Delegates at the recent ASEAN-Australia Business Summit 2018 have reported on how Australia can better engage with its $2.7 trillion trading partner.
ASEAN is predicted to be the globe’s fourth biggest economy by 2030 (its currently running fifth) and Australia’s future dealings with ASEAN are crucial.
Delegates to the Summit held in March, have had their recommendations collected in a report for consideration by ASEAN and Australian leaders.
The Business Summit in the words of summit rapporteurs, Chua Sock Koong, the group chief executive office of Singtel and Mark Vassella, CEO of BlueScope, saw “our shared region transforming at an unprecedented scale and pace.”

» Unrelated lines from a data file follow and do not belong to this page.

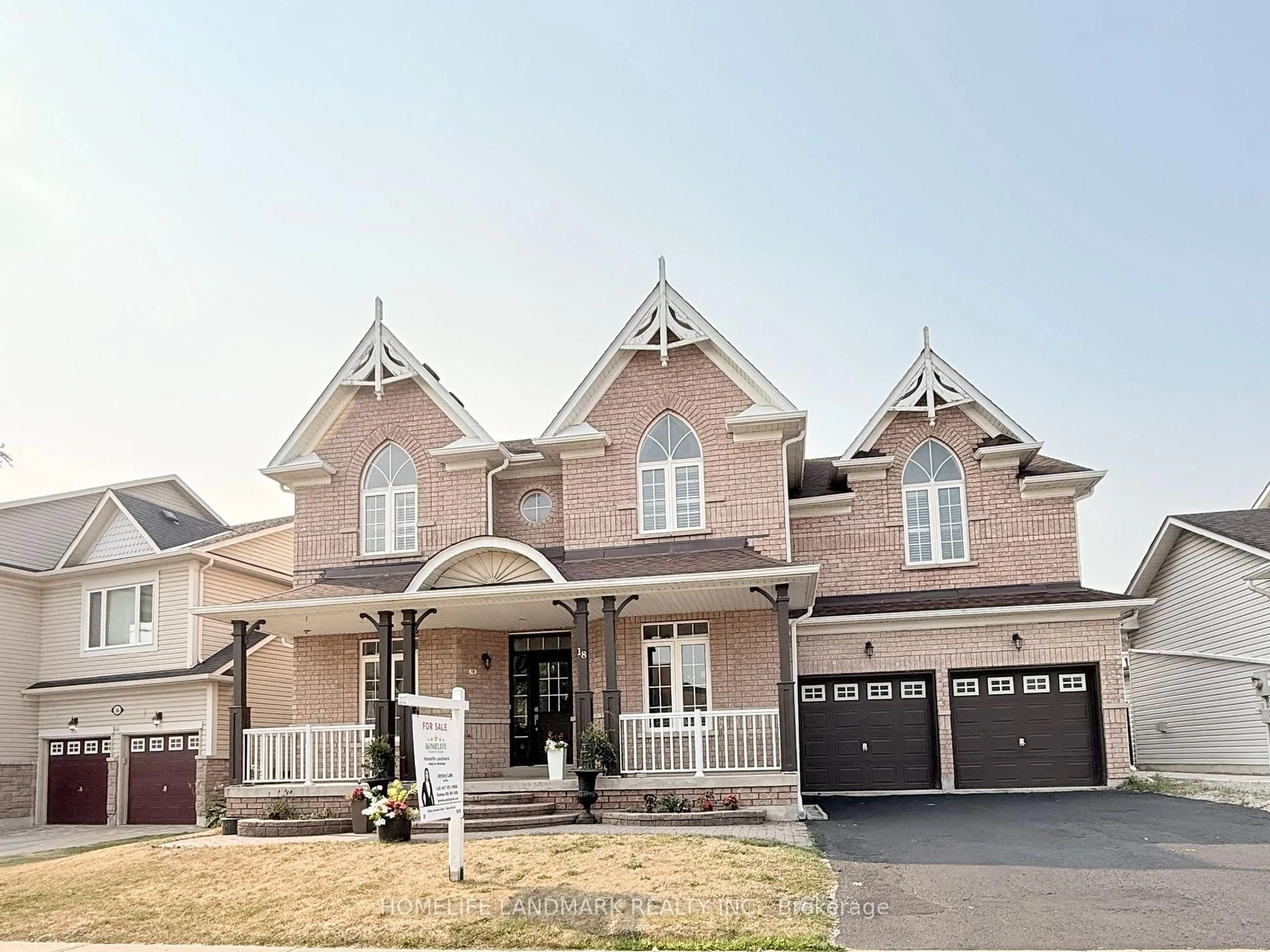 Home with brick exterior material, street for 18 The Queensway, Barrie Ontario L4M 7H6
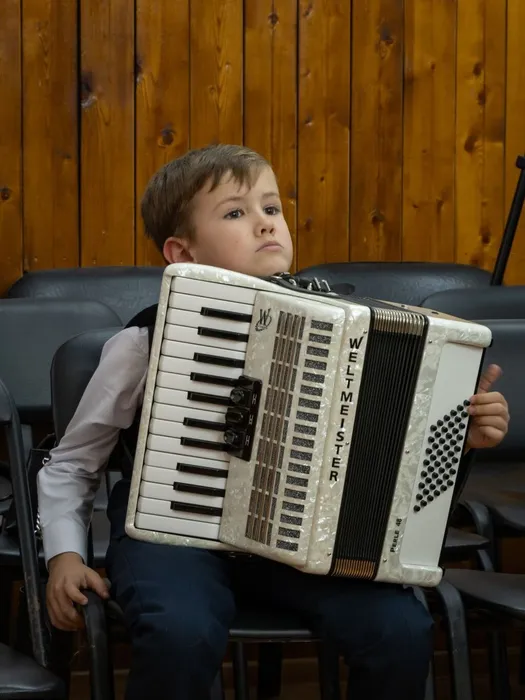 photo_5249506606713005576_y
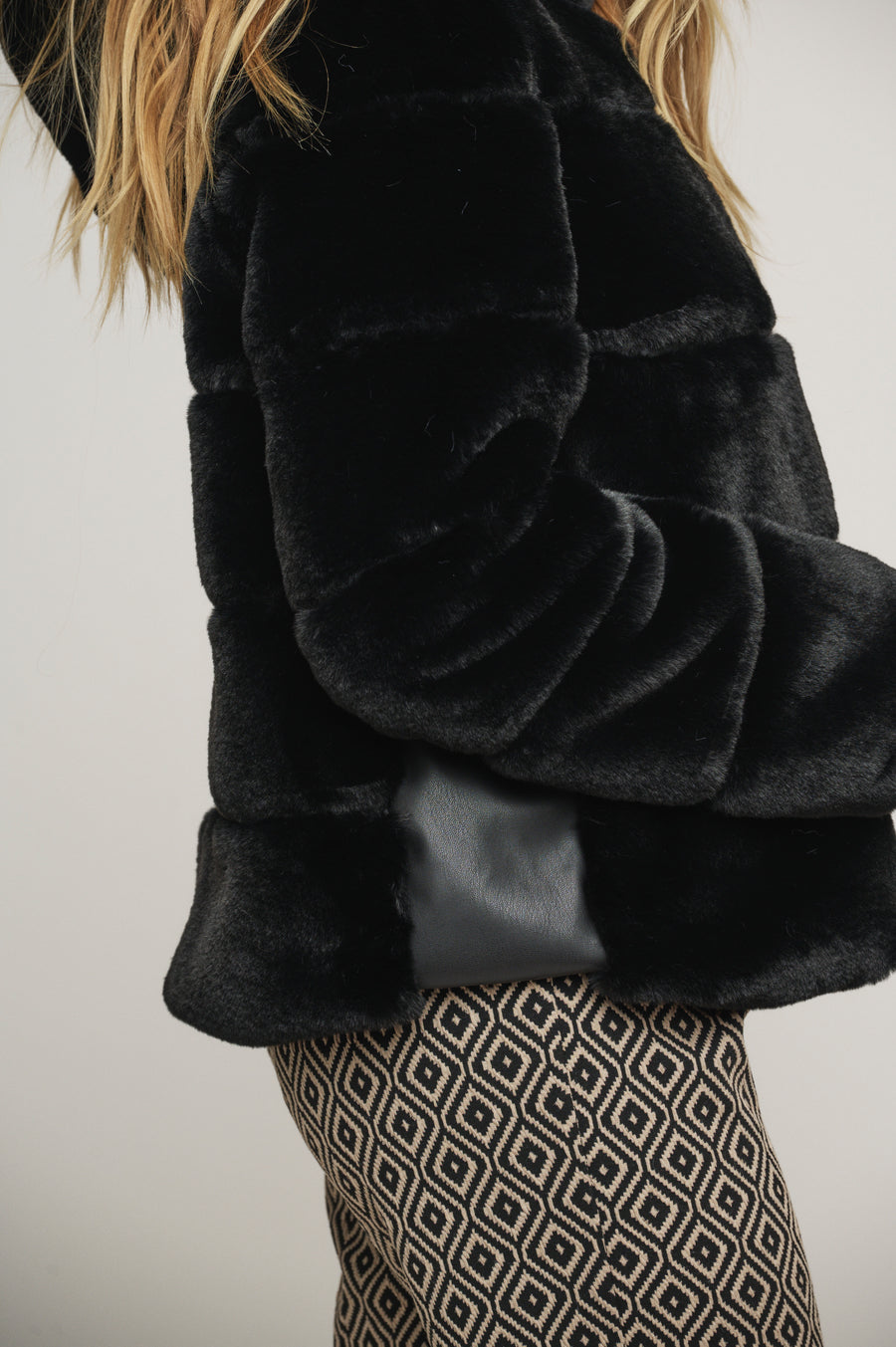 W4-AZA Short Faux Fur Jacket Black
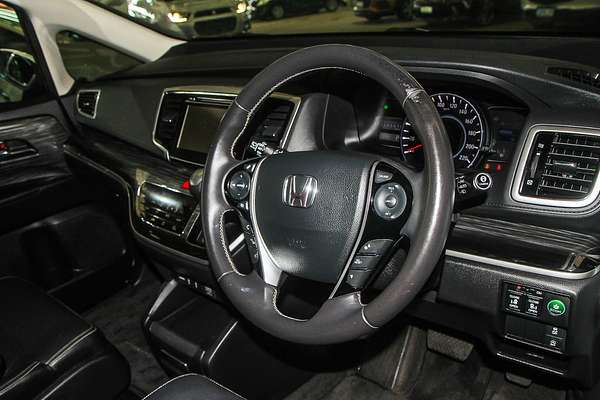 2017 Honda Odyssey VTi-L 5th Gen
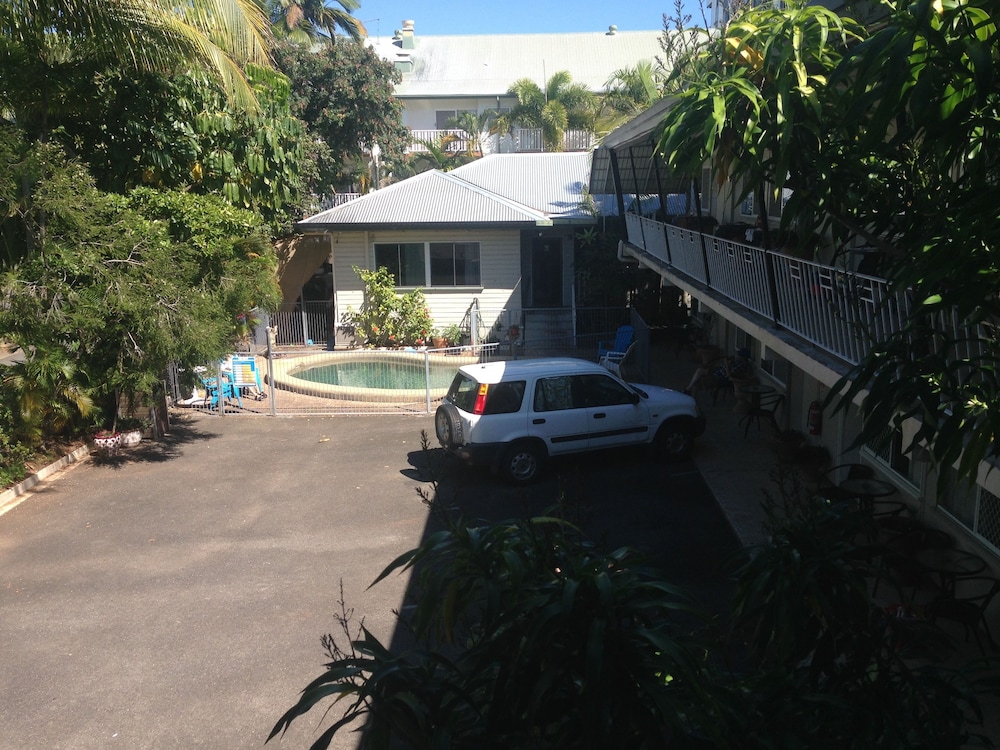 cairns city motel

ASEAN and Australian businesses are increasingly demanding access to high quality resources, productivity enhancing digital technology and a workforce equipped deal with the rapid pace of change,” the rapporteurs said in the report.
“This requires a massive investment in fit-for-purpose infrastructure, human capital and research and development.
“The time is ripe for Australia and ASEAN to make the most of our comparative advantages Australia and increase cooperation and knowledge sharing between governments, greater collaboration on technology development and mutual investment in each other’s economies,” they said.
The shock of the fourth industrial revolution on workforces in Australia and ASEAN was raked over by a delegate roundtable that discussed the effects of digitisation of manufacturing and greater automation.
That shock is coming sooner rather than later, with the World Economic Forum reporting that by 2020 more than a third of the core skill sets needed in most occupations would consist of skills not considered crucial today.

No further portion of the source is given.